Carly Booth (born 21 June 1992) is a Scottish professional golfer. At the end of 2009, aged 17, she became the youngest-ever Scot to qualify for the Ladies European Tour. Booth became the youngest ladies' club champion in Britain at the age of 11 at Dunblane New.

Early life
Upon turning professional, Booth had a golf scholarship to complete at Glenalmond College in Scotland. She started there after returning from America, where a stay at David Leadbetter's Academy in Florida was followed by a spell at a school in Arizona. As a youngster, Booth was able to practice on the course made exclusively for her and her brother, professional golfer Wallace, by her father Wally at the family farm near Comrie.
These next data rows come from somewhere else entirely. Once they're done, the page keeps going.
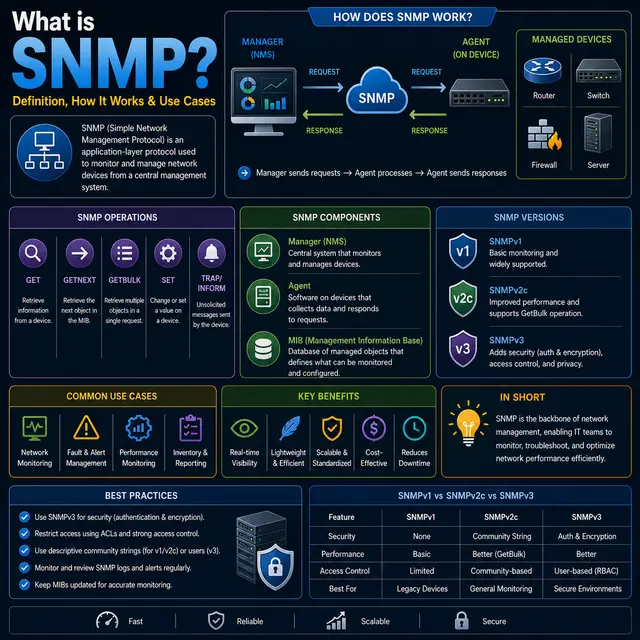 Alt text: Premium dark IT explainer illustration showing an SNMP monitoring hub connected to network devices, servers.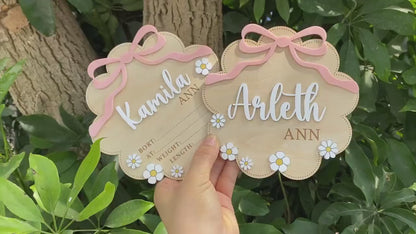 Birth Flower Name Sign – Wooden Baby Name Sign for Hospital & Nursery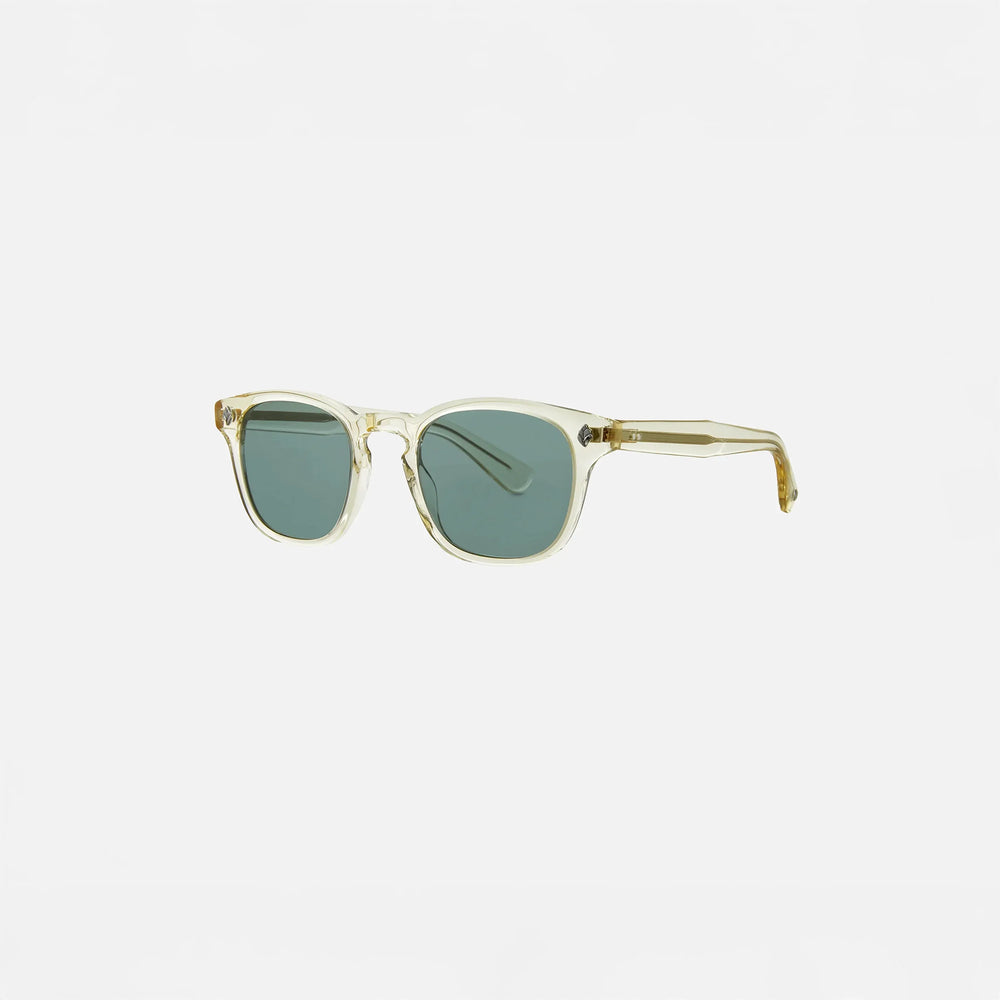 Garrett Leight Ace Sun Sunglasses in Pure Glass, side view.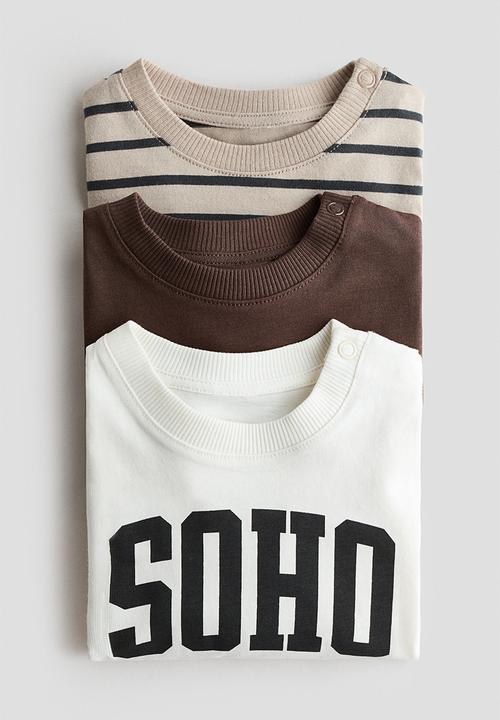 H&M - 3-Pack long-sleeved T-shirts - brown/soho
Wally was a Commonwealth Games silver medallist wrestling champion.

Amateur career
Booth enjoyed an amateur career richly laced with records and accolades, being described as a Scottish golfing prodigy. Aged 12, she played with Sandy Lyle in the British Masters Pro-Am and at 14 she appeared in her first professional event, the Ladies Scottish Open, and finished 13th. She was rated the No. 1 junior in Europe after winning the European Junior Masters in 2007, the same year she lifted the Scottish Under-18 and Under-21 titles. In 2008, she became the youngest player to represent Great Britain & Ireland in the 76-year history of the Curtis Cup, facing the Americans in the 35th staging of that match at St Andrews. She also played at the Junior Ryder Cup in 2006 and 2008 and won the Daily Telegraph Finals in 2007 and 2008. In 2010, she finished 14th at LET Final Stage Qualifying School for 2010.

Professional career
Booth made her professional debut on the Ladies European Tour at the Lalla Meryem Cup in Morocco. She won her first event in May 2012 at the Aberdeen Asset Management Ladies Scottish Open. She won her second event in June at the Deutsche Bank Ladies Swiss Open. Booth did not achieve her third win on the Ladies European tour until August 2019, when she won the Tipsports Czech Ladies Open.

Other activities
She appeared nude in the 2013 ESPN The Magazines "Body Issue".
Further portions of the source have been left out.